Photo for Donating in Denver Schools

By James Martinez, Warehouse Operations Supervisor at Ziegenfelder’s Denver Plant

Recently, I brought Budget Saver Twin Pops to Green Valley Elementary in Denver for the school’s field day. My wife is a Reading Interventionist there and I donated once before for students who had perfect attendance in their yearly testing. Twin Pops were their reward.

I did not get to meet a lot of people on that first visit, but for field day I was able to stay and hand out pops. I was able to talk to teachers and students and
heard some amazing stories of people who have travelled far and wide to settle in Denver. During my visit, I couldn’t help but to compare some surprising similarities between this school and Ziegenfelder.  

Denver Public Schools is extremely diverse, a place of people from different places and back grounds, just like our employees. Denver has been and continues to be a host city for refugees and their families, also known as a sanctuary city.    

There are 26 different languages spoken at Green Valley Elementary.  I met students from Bhutan, Ethiopia, Somalia, India, Nepal, Mexico, Russia, Nigeria, Philippines, Turkey, Iraq, Argentina, as well as African American, Hispanic American, and many others. Green Valley Elementary is a good representation of the diversity of Denver and its surrounding areas. It is also a great reflection of the people at the Denver Ziegenfelder plant as we are a diverse group too.

The school prides itself on its inclusive practices like Restorative Approaches, which is an alternative approach to the traditional discipline model. Students are provided opportunities to “right their wrongs” through restorative conversations and actions with peers and staff. Restorative Approaches counselors are trained to support and guide students to improve on the choices they make and interactions with others. They are not disciplined for their past learnings, but are taught how to take responsibility for their actions. They learn how the choices they make affect others and are taught the schools Character Traits.

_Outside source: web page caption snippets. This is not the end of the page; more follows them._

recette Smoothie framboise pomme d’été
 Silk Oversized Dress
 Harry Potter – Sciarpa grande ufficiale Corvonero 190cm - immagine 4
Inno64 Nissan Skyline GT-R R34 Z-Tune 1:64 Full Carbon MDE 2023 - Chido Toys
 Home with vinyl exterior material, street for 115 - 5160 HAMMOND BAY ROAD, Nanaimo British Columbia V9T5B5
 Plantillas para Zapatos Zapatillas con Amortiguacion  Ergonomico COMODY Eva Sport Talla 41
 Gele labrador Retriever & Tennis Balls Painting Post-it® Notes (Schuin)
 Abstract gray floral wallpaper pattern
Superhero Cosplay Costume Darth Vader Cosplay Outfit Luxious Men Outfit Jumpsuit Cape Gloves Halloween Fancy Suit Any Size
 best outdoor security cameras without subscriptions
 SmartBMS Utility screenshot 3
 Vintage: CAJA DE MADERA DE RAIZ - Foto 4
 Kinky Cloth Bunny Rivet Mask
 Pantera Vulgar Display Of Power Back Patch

I think of Ziegenfelder as a place for people to “right their wrongs,” and where people are given a chance. With responsibility, trust, and through guidance, members of the Zieggy Tribe succeed where they may fail in other environments. I believe we provide those opportunities, and we have those success stories. Everybody gets an “A”. Just like Green Valley Elementary, we do not focus on the past experiences of an employee, rather on how to develop, take responsibility and make better choices.

From the school’s webpage and what I learned while I was at Green Valley Elementary, the school focuses on Character Traits. These are topics like Integrity (doing what’s right, fair, and true), Service (extending time and effort to help others), Honesty (a willingness to say openly what is true), Respect (showing regard for self, others, and property, and those in authority) and many others.

I couldn’t help but compare those Character Traits to the Zieggy Essentials or TWINS.  TWINS stands for ‘Think tribe first, Win by always doing the right thing, Inspire each other, Nurture our Zieggy Economy, and Serve others.’

I’ve worked at Ziegenfelder for the last year. It’s easy to forget the fun associated with eatting an ice pop and what a treat it truly is! Maybe all of us Zieggy Tribe members forget from time to time, but that day at the school, I was reminded of the joy and happiness that these frozen treats bring to children. Even the adults were enjoying them too.

I was also reminded that we are not that different, even though we all come from different back grounds and places. I’m proud to share my experience and let our employees know that the product they make puts smiles on children’s faces. That is the impact our product has on people all over the country, from all over the world, every day.